Revision as of 19:19, 20 April 2006

Discussion

Hi eveyone! Since we're not going to have a meeting for a while, I thought it would be a good idea to post our ideas here. - Horia

Alright, it's 1:39am...and I've come up with some random idea as I was studying for my bio exam. During the last meeting, we talked about pH and voltages to control protein regulation. Would it be possible to connect those two ideas (pH and voltages)? I am pretty sure the intracellular function changes as pH changes (like in plants, certain enzymes get activated as pH drops after hydrolysis done by certain hormones) and this might have some effects on the voltage gated channels on E.coli and allowing different influx/eflux of ions that would manipulate activation of protein synthesis. I haven't looked up on the web to see what exactly E.coli do in different situations yet..but, I wasn't really too keen about using wire to generate voltage on that little E.coli...the voltage idea itself is brilliant, and I thought this can be incorporated into pH with the use of voltage gated channel...OR, pH(input) can regulate the voltage difference (output)to create different musical notes (referring back to the last meeting)..Alright, back to studying. - Jieun

Hum, 1:54 am, so it would either be " Note -> Voltage -> pH -> Function" or " Function -> pH -> Voltage -> Note". I guess the question is how to transform voltage into pH or vice versa. Also which ion channels would open in response to a change in pH and how that would affect function. I remember Belinda (correct me if i'm wrong) saying something about using a vesicle filled with a chemotactic agent whose pores would open in response to applied voltage. Maybe if we filled them with carbonic acid or something that would do the trick. I read something similar here (with glucose): http://www.ncbi.nlm.nih.gov/entrez/query.fcgi?cmd=Retrieve&db=PubMed&list_uids=6261800&dopt=Abstract Josh talked about using a keyboard and i thought that if we somehow drew a small musical staff on the bottom of the petri dish, we could have the bacteria cluster at different points on the staff depending on which notes we played. Thus we'd write out the music! We could have an electric grid or just individual electrodes that would determine every possible point, and these would trigger the release from (anchored) vesicles of an aggregating agent ( Sodium Fumarate?: http://web.mit.edu/biophysics/papers/PNAS2003b.pdf). To have the cells cluster at the right spots we could have small wells for each horizontal bar on the staff, so that the next note won't influence the previous cluster (i'll try to draw a picture tomorrow). I don't know how big the clusters get so I don't know if this whole thing is feasable... We also talked about using an oscillator (between two colours?) to do a sort of light show. I guess I'll have to read more about those.. It wasn't in any bio class that I took, that's for sure :P - Horia

Hi- I was just searching the internet for genes in e-coli that are senstitive to pH changes and I happened to read about the yfid gene. The article basically said that expression of this gene (which was attached to a reporter gene) was upregulated 3-5 fold when placed in an acidic environment during anaerobic conditions. For example, when the pH of the cytoplasm reached 4.4 the expression of the gene was strongly induced. So therefore, I was thinking that perhaps attaching a GFP gene or some other flourescent gene to the yfid gene could help us visualize pH changes. The link to the article is http://mic.sgmjournals.org/cgi/content/full/148/4/1015 -Ashwini

That's pretty cool. I guess it would help in the pH->function part if we're going to do anything along those lines. Also, I was wandering if anyone was going to go to the meeting tomorrow. If so, could someone post what was said for those of us that can't make it? That would be really appreciated, thanks! -Horia


Meeting on April 20th-

1. We first just went over what "bricks" are. So they are bascially promoters, genes, regulatory seqeunces that are going to be ordered from MIT.
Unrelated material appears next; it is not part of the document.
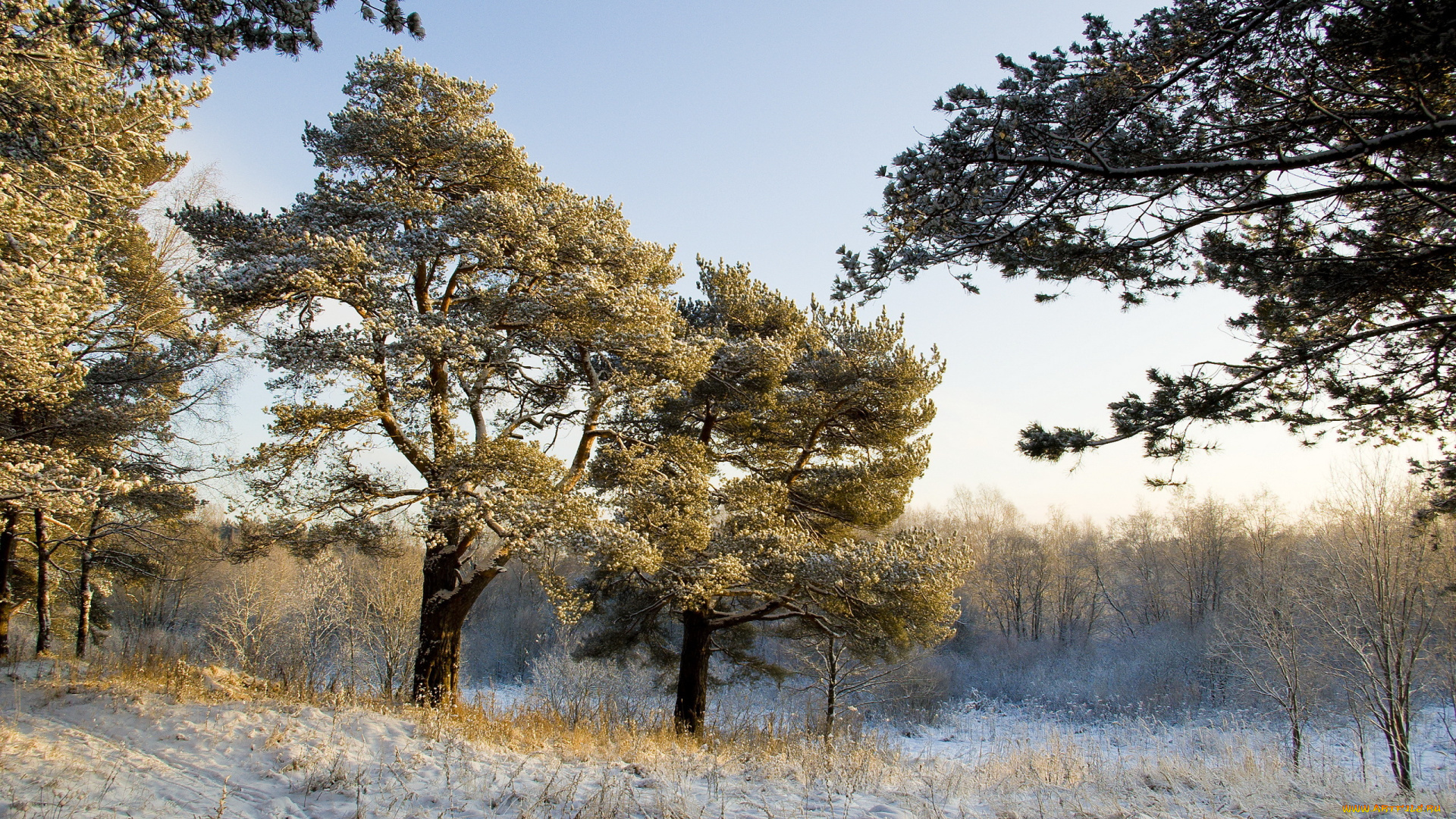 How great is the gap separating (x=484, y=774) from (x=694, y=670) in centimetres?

2. We then started talking about how bacteria can be made sensitive to voltage changes in accordance with the idea presented last week concerning the conversion of sound to voltage. One of the proposed ideas was the use of voltage gated channels in response to a certain threshold voltage. The advantage of this is that the voltage gated channels open quickly and can potentially result in a continuum of current. However, how can an influz of cations translate into something visible? The possibility of proteins sensitive to ions was discussed however there aren't many of these proteins. In addition, the possibility that a cation influx could result in the tranlation of proteins was also introduced yet the problem with this idea is that transcription/translation of proteins is too slow a process for our needs.
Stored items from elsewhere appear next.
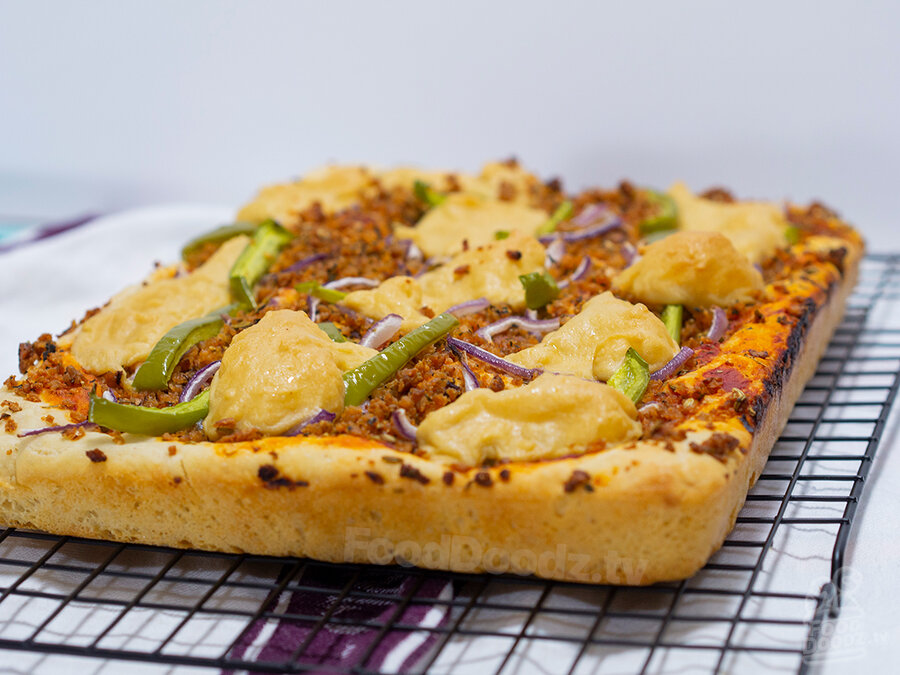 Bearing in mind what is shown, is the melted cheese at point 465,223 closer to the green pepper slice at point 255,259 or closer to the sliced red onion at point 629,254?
the sliced red onion at point 629,254

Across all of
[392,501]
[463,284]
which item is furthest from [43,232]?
[392,501]

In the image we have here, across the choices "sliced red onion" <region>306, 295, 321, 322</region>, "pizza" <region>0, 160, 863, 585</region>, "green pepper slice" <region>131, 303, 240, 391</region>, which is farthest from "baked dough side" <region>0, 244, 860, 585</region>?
"sliced red onion" <region>306, 295, 321, 322</region>

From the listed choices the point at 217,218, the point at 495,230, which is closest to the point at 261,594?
the point at 495,230

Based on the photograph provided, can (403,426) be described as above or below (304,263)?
below

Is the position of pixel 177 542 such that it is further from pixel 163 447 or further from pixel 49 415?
pixel 49 415

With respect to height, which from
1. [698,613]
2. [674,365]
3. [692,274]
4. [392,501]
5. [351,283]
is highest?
[692,274]

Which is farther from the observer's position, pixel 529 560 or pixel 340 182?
pixel 340 182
3. Two voltage gated channels that Prof. Nadeau has in the lab are MSCL which is sensitive to pressure changes, and NACHBac which is sensitive to voltage changes.

4. The idea of using bacteria to produce a picture was reintroduced. One of the past projects had taken advantage of light sensitive bacteria to produce a picture, and therefore, for us to explore this idea the bacteria has to be sensitive to something other than light when producing the picture. Some sugars like lactose and arabinose as chemical triggers in the production of color in bacteria was suggested. However, diffusion of the chemical triggers and the secreted color would be too fast to obtain a clear image.
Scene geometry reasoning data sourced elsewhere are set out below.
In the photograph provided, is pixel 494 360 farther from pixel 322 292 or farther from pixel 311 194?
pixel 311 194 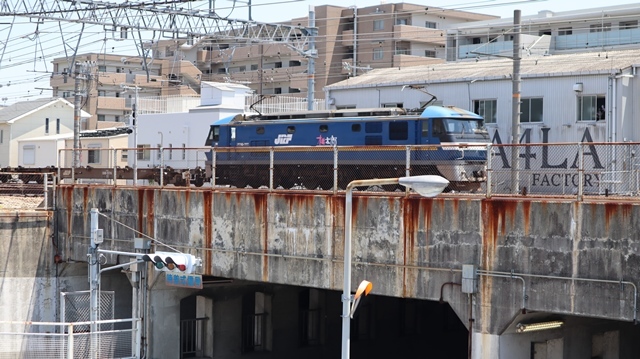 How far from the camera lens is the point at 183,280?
25.3 m

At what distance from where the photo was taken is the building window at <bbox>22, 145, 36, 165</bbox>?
2601 inches

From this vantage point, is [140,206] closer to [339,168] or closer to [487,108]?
[339,168]

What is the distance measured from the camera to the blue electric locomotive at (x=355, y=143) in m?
28.0

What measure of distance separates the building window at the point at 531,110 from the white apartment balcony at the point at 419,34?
38.0m

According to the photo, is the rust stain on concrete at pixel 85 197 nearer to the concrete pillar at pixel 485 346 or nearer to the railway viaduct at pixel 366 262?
the railway viaduct at pixel 366 262

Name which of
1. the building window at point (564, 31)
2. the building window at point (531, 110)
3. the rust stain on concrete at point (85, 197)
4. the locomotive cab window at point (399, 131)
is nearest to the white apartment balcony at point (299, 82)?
the building window at point (564, 31)

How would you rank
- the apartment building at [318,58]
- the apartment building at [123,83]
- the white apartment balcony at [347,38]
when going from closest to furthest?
the apartment building at [318,58] → the white apartment balcony at [347,38] → the apartment building at [123,83]

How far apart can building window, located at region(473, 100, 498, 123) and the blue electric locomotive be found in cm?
750

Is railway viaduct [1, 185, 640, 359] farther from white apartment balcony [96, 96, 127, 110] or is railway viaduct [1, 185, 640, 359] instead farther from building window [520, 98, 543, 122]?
white apartment balcony [96, 96, 127, 110]

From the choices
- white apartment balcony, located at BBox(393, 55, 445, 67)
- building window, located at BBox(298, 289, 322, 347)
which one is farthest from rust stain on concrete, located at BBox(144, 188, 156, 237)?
white apartment balcony, located at BBox(393, 55, 445, 67)

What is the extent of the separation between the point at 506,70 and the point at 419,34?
38700 mm

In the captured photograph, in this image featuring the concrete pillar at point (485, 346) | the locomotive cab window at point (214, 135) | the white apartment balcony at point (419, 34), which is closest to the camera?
the concrete pillar at point (485, 346)

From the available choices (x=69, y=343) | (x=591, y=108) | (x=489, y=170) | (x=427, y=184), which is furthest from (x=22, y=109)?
(x=427, y=184)

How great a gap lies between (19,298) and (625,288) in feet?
63.7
5. The idea of putting a catylase into e-coli resulting in the production of oxygen and water was also discussed.

6. There will not be a meeting next Thursday, April 27th. The first day of the Biomedical Engineering 506 class will be on May 2nd and we will meet in room 321 in the Duff building. The class starts at 10 and ends at 1 on MTWR. Prof. Nadeau is trying to get the fees for the summer course waived for iGEM participants by negotiating with certain science departments. So please email Prof Nadeau the department that you are part of as well as the contact information for the head of your department in order to waive the summer fee.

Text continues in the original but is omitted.